# Dropped calls



## jbmilman (Dec 14, 2011)

I cant seem to put my finger on why or how but i can almost guarantee that if I am on a call that is important the phone will reboot. I only have this problem when I am on the phone. I have a friend in town that has a strat and we are both having the same issue. We are both also running tweakstock.

any thoughts?


----------



## dwitherell (Jul 23, 2011)

jbmilman said:


> I cant seem to put my finger on why or how but i can almost guarantee that if I am on a call that is important the phone will reboot. I only have this problem when I am on the phone. I have a friend in town that has a strat and we are both having the same issue. We are both also running tweakstock.
> 
> any thoughts?


How far into calls does this usually occur?

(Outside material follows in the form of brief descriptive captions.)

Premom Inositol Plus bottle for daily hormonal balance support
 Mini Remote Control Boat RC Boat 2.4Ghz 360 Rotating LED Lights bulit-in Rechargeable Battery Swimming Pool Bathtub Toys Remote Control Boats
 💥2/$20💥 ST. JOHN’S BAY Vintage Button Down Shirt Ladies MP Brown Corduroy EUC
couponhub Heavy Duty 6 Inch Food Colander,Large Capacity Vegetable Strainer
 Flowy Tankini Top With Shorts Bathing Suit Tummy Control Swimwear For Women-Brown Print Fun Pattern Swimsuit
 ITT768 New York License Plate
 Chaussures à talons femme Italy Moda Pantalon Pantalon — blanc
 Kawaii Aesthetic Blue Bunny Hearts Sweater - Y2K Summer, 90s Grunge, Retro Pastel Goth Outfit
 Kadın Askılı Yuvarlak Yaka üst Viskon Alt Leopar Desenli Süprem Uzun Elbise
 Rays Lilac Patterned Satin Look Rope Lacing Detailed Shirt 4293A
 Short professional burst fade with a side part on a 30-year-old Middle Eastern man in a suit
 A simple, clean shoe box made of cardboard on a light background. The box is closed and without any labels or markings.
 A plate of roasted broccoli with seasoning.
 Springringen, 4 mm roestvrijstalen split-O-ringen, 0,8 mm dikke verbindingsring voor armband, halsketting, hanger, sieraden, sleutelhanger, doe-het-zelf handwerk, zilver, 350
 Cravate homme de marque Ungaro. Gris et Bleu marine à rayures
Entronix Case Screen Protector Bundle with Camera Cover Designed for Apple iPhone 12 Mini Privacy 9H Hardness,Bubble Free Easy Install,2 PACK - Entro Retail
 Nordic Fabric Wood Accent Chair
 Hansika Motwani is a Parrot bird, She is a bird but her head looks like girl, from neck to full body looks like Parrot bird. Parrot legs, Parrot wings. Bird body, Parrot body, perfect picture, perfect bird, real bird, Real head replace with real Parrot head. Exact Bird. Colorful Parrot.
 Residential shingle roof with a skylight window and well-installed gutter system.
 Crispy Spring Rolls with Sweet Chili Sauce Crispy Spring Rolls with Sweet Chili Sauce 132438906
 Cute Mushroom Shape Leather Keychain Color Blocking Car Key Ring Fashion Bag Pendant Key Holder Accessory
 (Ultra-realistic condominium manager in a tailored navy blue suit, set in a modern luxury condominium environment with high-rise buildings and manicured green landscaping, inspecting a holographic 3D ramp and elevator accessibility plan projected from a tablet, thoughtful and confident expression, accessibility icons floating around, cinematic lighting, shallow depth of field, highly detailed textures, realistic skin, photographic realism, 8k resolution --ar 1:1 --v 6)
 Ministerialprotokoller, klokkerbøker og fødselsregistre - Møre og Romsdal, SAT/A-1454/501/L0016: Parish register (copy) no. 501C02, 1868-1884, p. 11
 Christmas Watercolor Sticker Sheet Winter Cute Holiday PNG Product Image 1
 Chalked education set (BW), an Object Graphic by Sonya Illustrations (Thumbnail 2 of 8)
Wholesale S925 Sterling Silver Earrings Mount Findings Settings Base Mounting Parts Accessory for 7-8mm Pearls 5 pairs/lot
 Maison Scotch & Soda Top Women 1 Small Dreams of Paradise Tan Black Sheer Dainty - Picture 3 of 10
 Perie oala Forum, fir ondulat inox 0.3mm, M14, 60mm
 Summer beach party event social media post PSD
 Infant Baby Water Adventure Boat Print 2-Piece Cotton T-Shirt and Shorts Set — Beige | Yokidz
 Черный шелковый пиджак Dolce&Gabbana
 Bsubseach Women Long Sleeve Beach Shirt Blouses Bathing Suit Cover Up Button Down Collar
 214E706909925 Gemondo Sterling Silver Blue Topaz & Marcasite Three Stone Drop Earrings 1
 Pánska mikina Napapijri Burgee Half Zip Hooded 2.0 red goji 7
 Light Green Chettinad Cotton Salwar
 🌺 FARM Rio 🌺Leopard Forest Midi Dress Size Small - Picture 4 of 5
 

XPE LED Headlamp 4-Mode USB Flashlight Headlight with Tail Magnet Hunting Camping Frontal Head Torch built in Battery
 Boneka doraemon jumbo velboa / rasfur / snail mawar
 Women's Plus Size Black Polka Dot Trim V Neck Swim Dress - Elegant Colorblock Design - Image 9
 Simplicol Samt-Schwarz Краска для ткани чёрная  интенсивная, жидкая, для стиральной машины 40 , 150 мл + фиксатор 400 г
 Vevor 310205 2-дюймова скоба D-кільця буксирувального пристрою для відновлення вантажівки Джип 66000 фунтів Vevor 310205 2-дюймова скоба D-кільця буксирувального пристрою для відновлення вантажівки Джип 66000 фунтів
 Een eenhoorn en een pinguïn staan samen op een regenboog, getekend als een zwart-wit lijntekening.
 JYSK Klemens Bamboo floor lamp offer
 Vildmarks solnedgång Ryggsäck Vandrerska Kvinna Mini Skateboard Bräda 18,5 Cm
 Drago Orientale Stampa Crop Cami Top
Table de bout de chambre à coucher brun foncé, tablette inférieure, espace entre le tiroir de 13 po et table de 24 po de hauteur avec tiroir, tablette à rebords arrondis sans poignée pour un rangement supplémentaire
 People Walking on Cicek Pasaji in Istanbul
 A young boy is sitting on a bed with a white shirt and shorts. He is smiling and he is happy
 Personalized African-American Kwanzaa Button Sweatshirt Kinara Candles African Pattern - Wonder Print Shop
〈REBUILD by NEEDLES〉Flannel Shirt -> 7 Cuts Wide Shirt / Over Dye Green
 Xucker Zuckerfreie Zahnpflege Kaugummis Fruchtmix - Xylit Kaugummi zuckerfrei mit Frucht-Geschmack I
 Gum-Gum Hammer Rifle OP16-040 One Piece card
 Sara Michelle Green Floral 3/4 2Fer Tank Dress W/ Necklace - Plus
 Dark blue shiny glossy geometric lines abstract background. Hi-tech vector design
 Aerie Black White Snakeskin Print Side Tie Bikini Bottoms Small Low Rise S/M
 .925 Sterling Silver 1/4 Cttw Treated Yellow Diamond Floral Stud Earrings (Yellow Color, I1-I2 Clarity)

I've read reports of such things, and from what I can tell it's an EI2 issue.


----------



## jbmilman (Dec 14, 2011)

its really random sometimes within a minute of use or it will make it 15 or 20 minutes. sometimes not at all. i usually only use a couple hundred minutes a month so I am not really the best test subject. I was just hoping someone knew what it was so i could avoid that issue. seems to be completely random from what i can tell.


----------



## Dacooter (Jan 31, 2012)

jbmilman said:


> its really random sometimes within a minute of use or it will make it 15 or 20 minutes. sometimes not at all. i usually only use a couple hundred minutes a month so I am not really the best test subject. I was just hoping someone knew what it was so i could avoid that issue. seems to be completely random from what i can tell.


Ditto For me, its really annoying!


----------



## imnuts (Jun 9, 2011)

Is it a full reboot, or a partial reboot (ie hot boot)? Full reboot, you see the Samsung boot logo, partial you would only see the boot ani (if it shows, many times it doesn't). If it's a hot boot, odds are it's a ROM issue (possibly in stock and not related to the custom ROM), and you could see the problem by getting a full logcat dump. If it's a full reboot, it is more likely to be a kernel/hardware problem. In that case, you can pull /proc/last_kmsg and it will hopefully tell you what the issue is, and it may be able to be fixed with a custom kernel.


----------